Anyone knows any companies in nyc lookin to hire electricians helper??? Having no luck finding employment fresh out of vocational school.


----------



## Next72969 (Dec 9, 2012)

SparkGod147% said:


> Anyone knows any companies in nyc lookin to hire electricians helper??? Having no luck finding employment fresh out of vocational school.


 what school did you go to? They offer no employment assistance? Etc in copiague long island i know helps guys get their foot in the door with small companies, may not be the best situations but you gain experience


----------



## SparkGod147% (Nov 30, 2013)

Yeah they help us find jobs its just not moving fast enuff .. They do 50% and its up to us to do the other 50% its just that on my side im having no luck people i call want helpers with 3 years exp.


----------



## Next72969 (Dec 9, 2012)

SparkGod147% said:


> Yeah they help us find jobs its just not moving fast enuff .. They do 50% and its up to us to do the other 50% its just that on my side im having no luck people i call want helpers with 3 years exp.


 keep trying man. Knock on peoples doors call everynumber in the phonebook, on craigslist etc. Someone will give you a shot. Im out in long island, not much i can do to help.


----------



## Giorgio.g (Mar 31, 2013)

SparkGod147% said:


> Yeah they help us find jobs its just not moving fast enuff .. They do 50% and its up to us to do the other 50% its just that on my side im having no luck people i call want helpers with 3 years exp.


Are you willing to commute at the other side of the river aka NJ?


----------



## Next72969 (Dec 9, 2012)

Giorgio.g said:


> Are you willing to commute at the other side of the river aka NJ?

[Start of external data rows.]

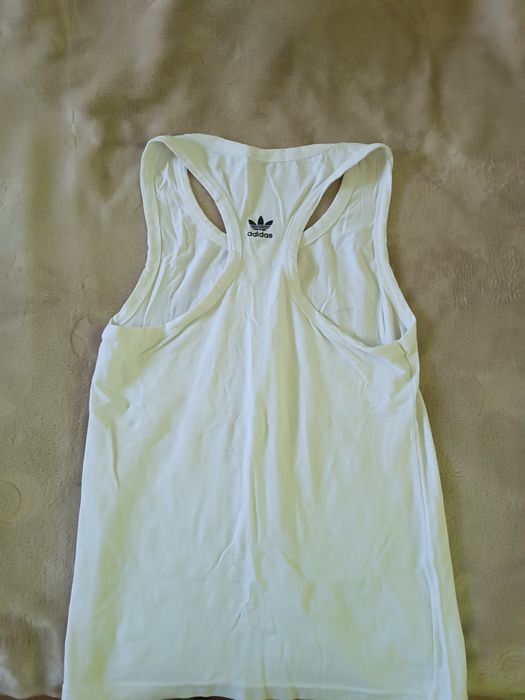 Продаю отличную майку  адидас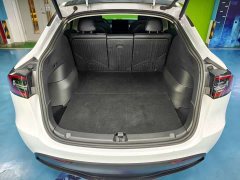 Tesla Model Y Performance - ფოტო 20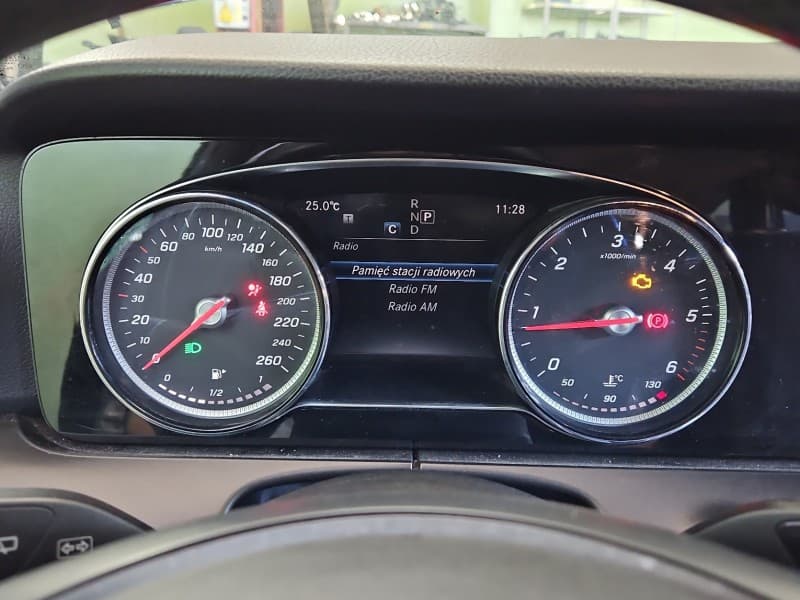 Licznik Mercedes W213 2.0 CDI A2139000110 A2C10709900 EUROPA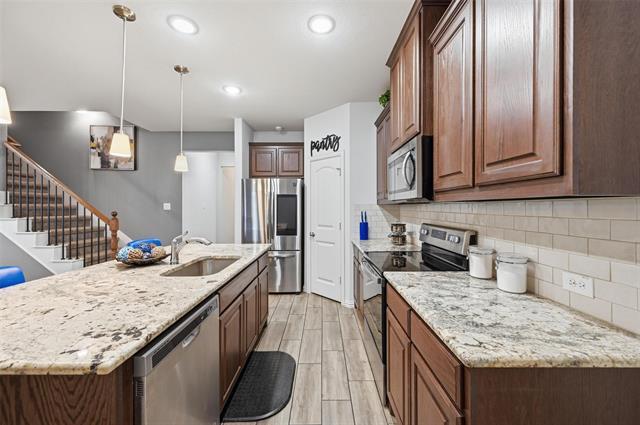 Building Photo - 196 Lady Bird Dr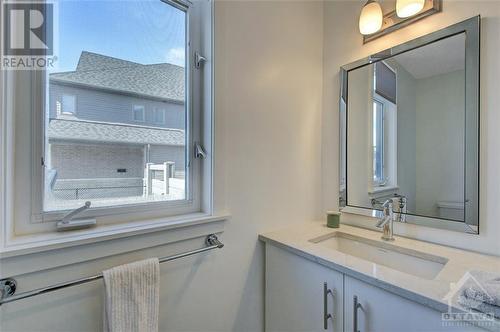 271 Fountainhead Drive, Orleans, ON - Indoor Photo Showing Bathroom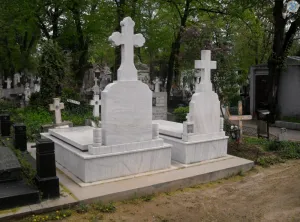 Un copil de 12 ani a murit după ce o cruce funerară s-a prăbușit peste el, la Cluj: „A crescut cu bunica lui și venise cu tatăl său la mormântul acesteia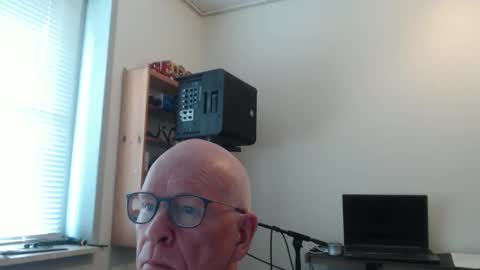 Snapshot of blueeyesn8 chatting on 10/14/25, 09:21 blueeyesn8 online show from 10/14/25, 09:21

 what part of jersey are you in?


----------



## Giorgio.g (Mar 31, 2013)

Next72969 said:


> what part of jersey are you in?


North NJ. 25 minutes from either GWB or LT.


----------



## Next72969 (Dec 9, 2012)

Giorgio.g said:


> North NJ. 25 minutes from either GWB or LT.


 i want out of long island in the near future. Maybe ill send you a pm one day


----------



## Giorgio.g (Mar 31, 2013)

Next72969 said:


> i want out of long island in the near future. Maybe ill send you a pm one day


Funny thing is that I am getting married in 2 months and I am moving to the Ol' Westbury , Looking to also get my licenses in Nassau and operate out of NJ and LI, Let me know if you decide to make a move and amybe work something out.:thumbup:


----------



## Next72969 (Dec 9, 2012)

Giorgio.g said:


> Funny thing is that I am getting married in 2 months and I am moving to the Ol' Westbury , Looking to also get my licenses in Nassau and operate out of NJ and LI, Let me know if you decide to make a move and amybe work something out.:thumbup:


 old westbury? Hope you have a small fortune in the bank :thumbup:


----------



## Giorgio.g (Mar 31, 2013)

Next72969 said:


> old westbury? Hope you have a small fortune in the bank :thumbup:


My Fiance parents do :thumbup: (Persian & Jew) I'm just an old spanish boy.


----------